MYLES UDLAND: All right, welcome back to Yahoo Finance Live on this Monday morning. We're about an hour and 20 minutes into the trading session. We see all three majors are higher. And we are, of course, remain in the teeth of earnings season. Now most of the market cap of the S&P has already reported their results. But big companies like Disney, Twitter are set to report later this week.

And in the morning brief this morning, Sam Rowe took a look at the reaction that stocks are having to these results. Data from FactSet's John Butters shows that most companies, companies on average rather, are beating earnings expectations by some 15 percentage points. And yet, the average stock reaction is a decline of one-half of 1% in the share price for these businesses in the two days before and after earnings results.

Now, in a typical earnings period, you see stocks go up about 1% after reporting a positive earnings surprise. And so, we continue to see a very interesting dynamic, where good results are not being rewarded, though perhaps, Brian Sozzi, we shouldn't be surprised because this was allegedly what the market was pricing in all of 2020. We spent the whole year pulling forward expectations that the markets-- that the E in the PE equation would eventually catch up. That's why the price went up so much.

And so, I guess on that basis, it's not a huge surprise to see investors not thrilled with huge beats because that's what had been expected. That was the minimum expectation, I guess we should say, for how this corporate earnings season was going to go.

BRIAN SOZZI: Yeah, I really enjoyed this newsletter. This was really a cool read. And to your point, yes, this was priced in six months ago. But there's another little-- there's another aspect here. You know, you hop in these earnings calls for these companies, and two years ago, you go onto an earnings call, you would be able to get some sense on what will happen the next month, two months, three months, six months, and then 12 months. And that is not happening right now.

And even if an executive goes onto an earnings call, and they say, you know what? Our January sales were really good. Well, sales might fall off a map in February and March if a lot of these-- what these companies are selling are impacted by some way with regards to the COVID-19 pandemic. So it's just, I think, a lack of belief, Julie, that companies can live up to any guidance or any commentary they put up right now. And I think that's why you're seeing some of the cautious responses here.

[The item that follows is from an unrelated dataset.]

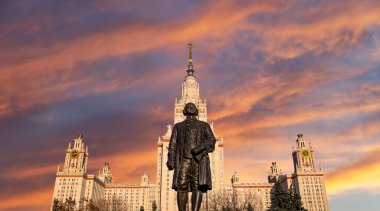 Moskova Devlet Üniversitesi 'nin (MSU) gökyüzünün arka planında Mikhail Vasilyevich Lomonosov (heykeltıraş N. V. Tomsky ve mimar L. V. Rudnev, 1953) anıtı görülüyor.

JULIE HYMAN: Well, and I hate to bring it back to GameStop, but I'm going to, because you have to think also that part of the typical reaction you see post-earnings, A, it has to do with options, and B, it has to do with retail investors. And if retail investors' attention is diverted right now to Bitcoin and Tesla and GameStop and AMC and all of the other companies that we've been talking about, and they're trading those, rather than trading the things they normally would be buying in the wake of earnings, that could potentially also be having a diminishing effect, a muting effect, if you will, on some of the earnings reactions, potentially.

MYLES UDLAND: Yeah, and I think it also comes back to something that I've referenced many, many times on this show. And it's kind of one of those stories you write and then you forget about it, but then you remember it again, which is the story from Bank of America back in 2018 that found that in years where earnings are up better than double digits, more than half the time, the S&P is down. And the S&P doesn't go down that much in most years. It usually goes up, as we know here.

And so, just, that dynamic is something I've kind of kept in the back of my mind, that really good earnings results, as they come in, aren't necessarily accompanied by great stock performance. And so, one wonders how this pattern plays out for the rest of the year, which a year that we expect to be a stellar one for corporate earnings results.